Mutemath has released their fourth full length album, “Vitals”. It’s probably their riskiest, but most authentic album yet.

It’s quite an accomplishment for a band to have a musical tenure as advanced as theirs–especially in today’s world of alternative music. From their 2006 debut eponymous album all the way to Odd Soul‘s release in 2011, the band has gained traction instead of exhausting it. This time around, Mutemath recognized that “Vitals” had to be more than just a new record. Mutemath produced “Vitals” all on their own, without a major label, manager, or producer to steer their direction. “Vitals” embodies the essence of Mutemath in a raw way we haven’t experienced before.

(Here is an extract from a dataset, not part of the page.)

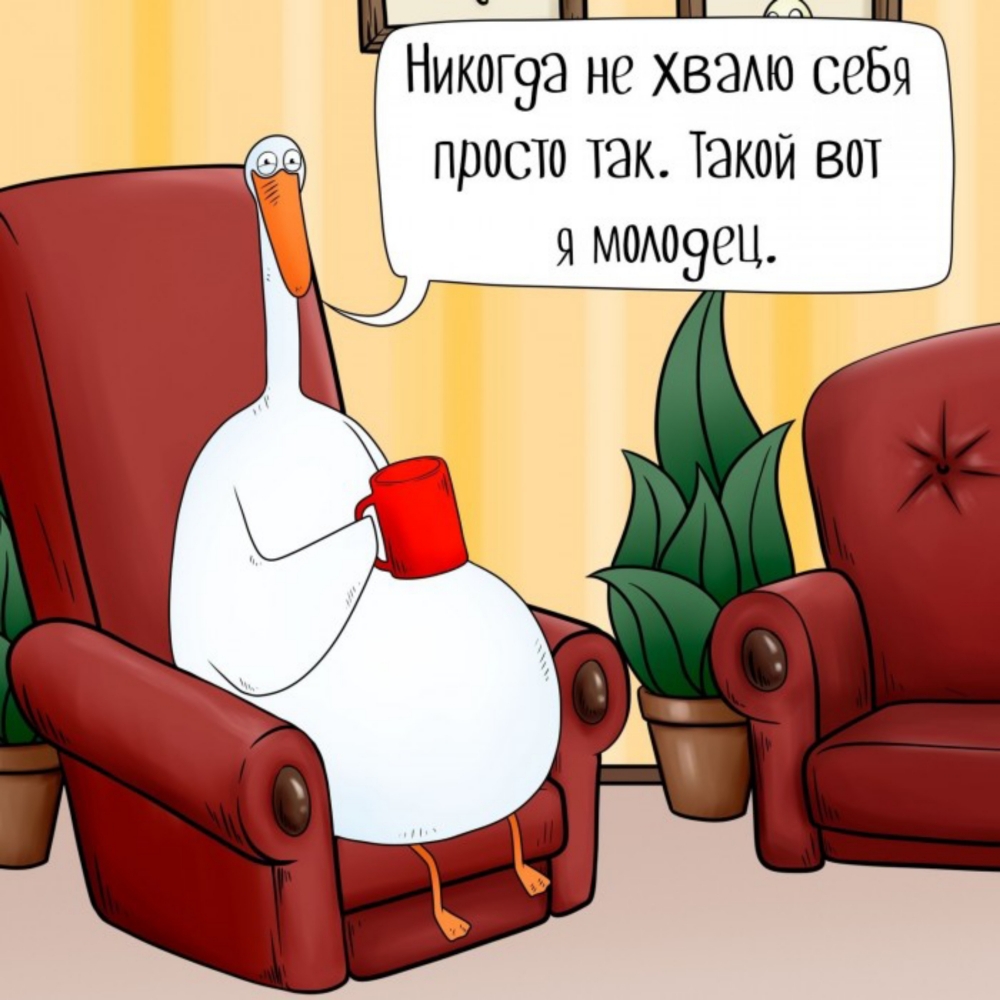 Никогда не ХВЗАЮ себя просто так Такой вот я М0А098Ц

An independent album gave lead singer Paul Meany the freedom to write some of his most transparent songwriting yet. His talents shine brightest in the following tracks:

  • “All I See”: finding beauty in the wonder of the world, both big and small
  • “Composed”: being afflicted with panic attacks and finding ways to cope
  • “Used To”: following up from “Composed” and cutting out a dangerous relationship
  • “Remain”: a soft anthem about never giving up, featuring Meany’s incredible falsetto.

Throughout the album, there’s hints of the old Mutemath than fans have grown fond of. Synthesizers and swelling hooks remain throughout the album. “Vitals” carries an optimistic vibe throughout its entirety despite some of its darker material. In a statement to Consequence of Sound, “Hope is vital. It happens from finding a way to believe something great still lies ahead.”